WORK REQUIRED -> Excluding pictures, what does the listing below contain from the line with "Robotic Arms in" up to and including the line with "A man surfing", word for word?

EXERCISE MATERIAL ->

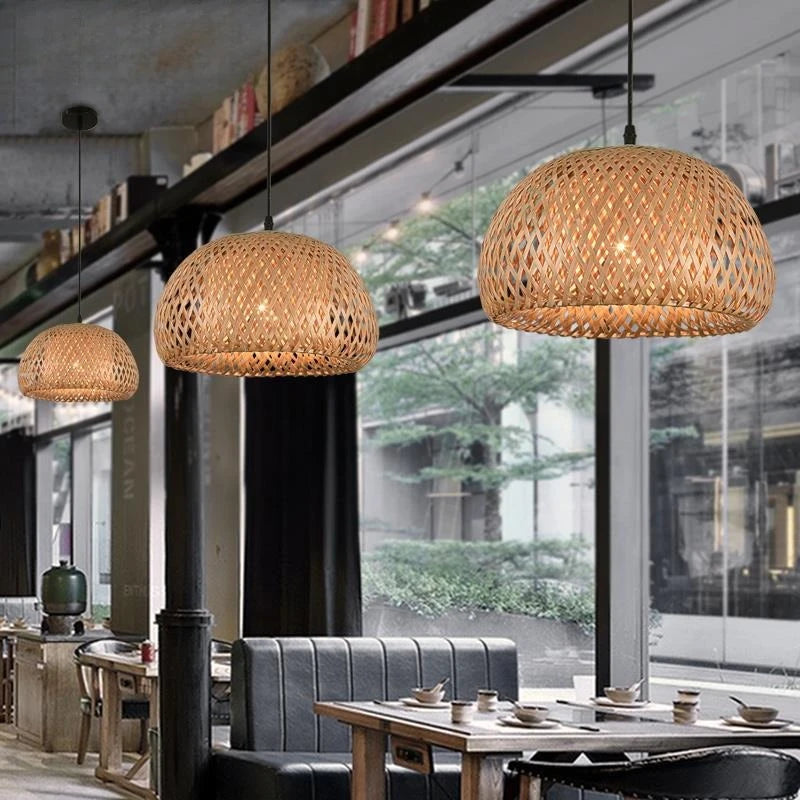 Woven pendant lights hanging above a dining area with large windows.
...
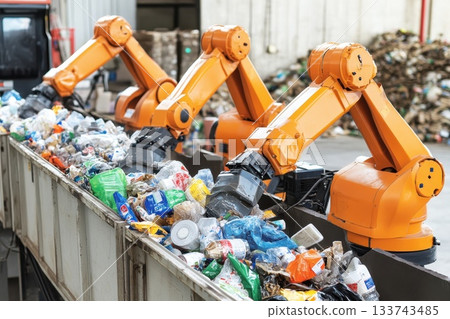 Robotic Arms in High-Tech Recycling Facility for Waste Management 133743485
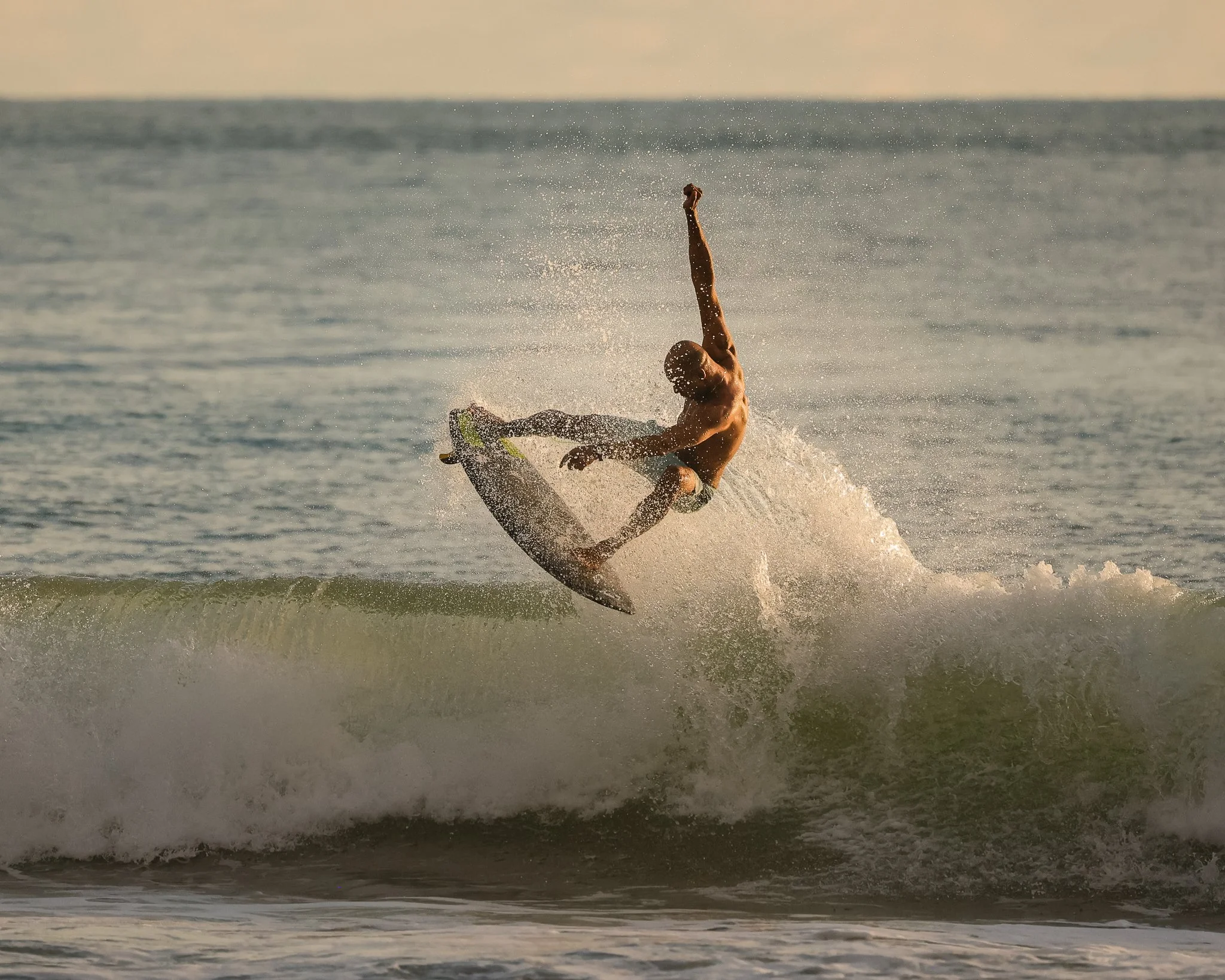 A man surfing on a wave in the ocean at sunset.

OUTPUT ->
 Robotic Arms in High-Tech Recycling Facility for Waste Management 133743485
 A man surfing on a wave in the ocean at sunset.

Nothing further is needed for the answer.